奪われた幸せ-4
近くの椅子に腰を下ろし、彼が買ってきたホットのお茶を手渡され。
「はぁーーーーー。」
両手でボトルを掴み、温かいお茶が喉に滑らかに通り、イベント用か何かのバルーンが勢い良く躊躇なく空気が抜けラクになるように一気に力が抜け。

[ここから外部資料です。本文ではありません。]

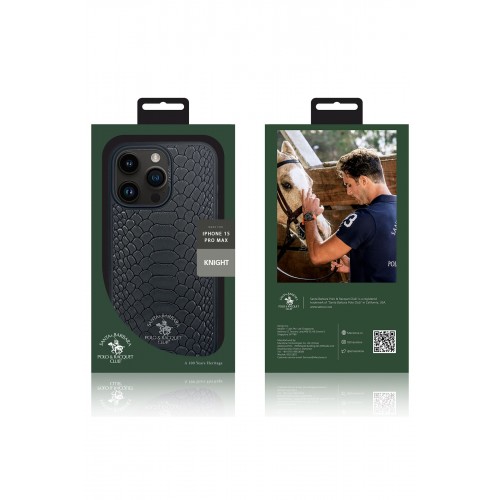 Santa Barbara Polo Racquet Club iPhone 15 Pro Max Knight Deri Kapak - Kırmızı Santa Barbara Polo Racquet Club iPhone 15 Pro Max Knight Deri Kapak - Kırmızı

彼の話だと確かにアイツが玄関で待ち伏せて居て、自分をまず亡き者にしてやろうとするもおばさん、そして八重樫さんが止めに入り、揉めている内に奇声を上げ思いっきり彼の腹部を刺し倒れこみ。邪魔者が居なくなり親子を襲おうとしたら先程の警察が話すように通りすがりの人に阻止され現行犯逮捕され。
「…どうして、連絡してくれなかったの?」
「………。」
答えてくれず、というかそんな力も残ってないようにも見える。
「っ!そっか、そうだよね。」
その理由を考えすぐに気づく。彼は目の前で大事な人が刺された訳だし。
「…ごめん。」
彼の事も考えず、自分が心配した事ばかり言って。
「ううんっ!本来なら真っ先に知らせなきゃいけないのに、君にこんな思いさせて。」
八重樫さんが手術室に入った後、最初はおばさんと二人で待っていたのだが、長時間の不安に耐え切れず気分を変えようと中庭で外の空気を吸い、落ち着いた所でジュースでも買っておばさんについて居てあげようとしたそうで。
やっぱり病院何か大嫌いだ、佐伯君、お爺ちゃん、思えば普通の人にしては多く私の大切な人が手術を受け、その度震えて無事を祈り。
「…もう嫌。」
「若葉ちゃん…。」
こんな風に病院に行くのは今回で最後にして欲しい、本当に。
顔をがくっと下げ、両手で塞ぎ。そんな私に彼は寄り添い。
「……アンタが無事って事は、今手術を受けているのは。」
そんな空気を換えるように巴ちゃんが口を開き、事を進める。そうだ、問題はまだまだこれからだ。
「八重樫さん…。」
「風馬君。」
それを耳にし、険しい顔を浮かべる彼。